Former Wireless Zone Exec Pleads Guilty to Selling Secrets

Wireless Zone's Plaistow, N.H. store.

The former chief operating officer for a chain of cell phone stores, including one in Plaistow, N.H., pled guilty Thursday in U.S. District Court in Boston to charges he sold confidential business information regarding the wireless industry to an analyst at a Boston-based financial services firm.

James Dunham, 59, of Glastonbury, Conn. pleaded guilty to one count of wire fraud after being arrested and charged this past February.  U.S. District Court Judge Douglas P. Woodlock scheduled sentencing for Sept. 3.

“Today’s guilty plea confirms that the sale of confidential business information by corporate insiders – in violation of their duties to employers, business partners, customers, or shareholders – is a crime.  And that is true whether the information is used to cheat the stock markets via insider trading, or for some other purpose,” said United States Attorney Carmen M. Ortiz.

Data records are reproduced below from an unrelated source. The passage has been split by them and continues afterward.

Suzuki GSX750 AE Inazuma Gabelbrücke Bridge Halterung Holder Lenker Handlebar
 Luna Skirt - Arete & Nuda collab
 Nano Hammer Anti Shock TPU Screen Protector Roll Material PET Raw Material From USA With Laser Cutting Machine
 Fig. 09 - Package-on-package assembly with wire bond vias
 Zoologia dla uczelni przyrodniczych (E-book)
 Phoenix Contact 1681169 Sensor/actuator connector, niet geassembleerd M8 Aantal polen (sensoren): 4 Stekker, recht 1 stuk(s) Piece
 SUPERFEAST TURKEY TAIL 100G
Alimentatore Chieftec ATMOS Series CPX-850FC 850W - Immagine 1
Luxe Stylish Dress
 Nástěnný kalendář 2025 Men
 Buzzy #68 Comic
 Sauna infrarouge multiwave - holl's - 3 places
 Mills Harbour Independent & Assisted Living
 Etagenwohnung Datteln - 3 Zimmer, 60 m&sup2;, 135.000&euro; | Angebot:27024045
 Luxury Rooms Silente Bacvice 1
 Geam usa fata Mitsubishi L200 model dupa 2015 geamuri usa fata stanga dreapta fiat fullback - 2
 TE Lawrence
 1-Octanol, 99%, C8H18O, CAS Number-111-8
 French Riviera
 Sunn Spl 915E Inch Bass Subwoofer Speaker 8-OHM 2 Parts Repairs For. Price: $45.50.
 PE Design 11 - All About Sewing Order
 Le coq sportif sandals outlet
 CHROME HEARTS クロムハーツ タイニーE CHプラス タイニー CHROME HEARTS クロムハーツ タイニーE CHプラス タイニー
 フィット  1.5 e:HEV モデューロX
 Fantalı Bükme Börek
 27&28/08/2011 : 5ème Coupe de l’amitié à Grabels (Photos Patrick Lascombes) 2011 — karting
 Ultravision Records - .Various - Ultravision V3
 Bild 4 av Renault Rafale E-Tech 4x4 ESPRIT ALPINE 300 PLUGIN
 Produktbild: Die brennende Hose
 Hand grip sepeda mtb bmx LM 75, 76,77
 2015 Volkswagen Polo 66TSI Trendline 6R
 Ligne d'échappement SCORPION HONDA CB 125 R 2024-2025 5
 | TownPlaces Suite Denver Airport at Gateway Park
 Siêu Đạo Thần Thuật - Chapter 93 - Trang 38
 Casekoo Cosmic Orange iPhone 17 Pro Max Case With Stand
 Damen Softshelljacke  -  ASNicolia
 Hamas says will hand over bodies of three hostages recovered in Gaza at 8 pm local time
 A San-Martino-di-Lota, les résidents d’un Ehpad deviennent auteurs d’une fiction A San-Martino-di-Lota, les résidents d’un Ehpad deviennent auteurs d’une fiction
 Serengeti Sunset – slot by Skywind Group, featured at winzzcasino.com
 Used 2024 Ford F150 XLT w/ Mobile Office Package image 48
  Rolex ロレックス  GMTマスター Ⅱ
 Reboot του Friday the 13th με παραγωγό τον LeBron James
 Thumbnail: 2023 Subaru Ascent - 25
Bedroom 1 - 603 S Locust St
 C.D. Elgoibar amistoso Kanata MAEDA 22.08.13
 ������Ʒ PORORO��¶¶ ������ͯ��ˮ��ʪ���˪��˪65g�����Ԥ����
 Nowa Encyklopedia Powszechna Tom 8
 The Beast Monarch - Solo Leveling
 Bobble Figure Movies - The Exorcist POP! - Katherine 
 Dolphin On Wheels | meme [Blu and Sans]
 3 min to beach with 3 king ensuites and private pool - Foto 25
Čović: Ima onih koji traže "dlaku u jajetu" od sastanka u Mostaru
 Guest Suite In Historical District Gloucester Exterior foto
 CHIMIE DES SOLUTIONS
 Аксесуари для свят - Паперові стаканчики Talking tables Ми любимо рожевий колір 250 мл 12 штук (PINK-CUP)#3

Dunham, former chief operating officer of Wireless Zone—a Verizon reseller, had access to confidential information regarding sales, compensation and product launches at the retailer’s 400 locations. For more than two years, officials said, Dunham had a secret consulting agreement to provide confidential information in return for which he was paid $2,000 per month. The Boston Business Journal identified the financial services firm as Detwiler Fenton of Boston.

“Mr. Dunham abused his position and violated his duty to his employer, customers, and shareholders by stealing business secrets for personal gain,” said Vincent B. Lisi, Special Agent in Charge of the Federal Bureau of Investigation, Boston Field Office.  “The FBI hopes this case sends a clear signal to business insiders that breaching a duty of confidentiality by misusing information will not be tolerated.”

The charging document identifies seven research notes prepared and distributed by the financial services firm that include information supplied by Dunham, including information regarding the status of certain product launches, the number of new subscribers to a specific wireless provider and sales and return information for specific smartphones. In particular, Dunham was the source for an April 11, 2013, research note in which the firm reported that returns were exceeding sales for a Blackberry smartphone. Following distribution of that note, Blackberry’s stock price dropped seven percent in a single day.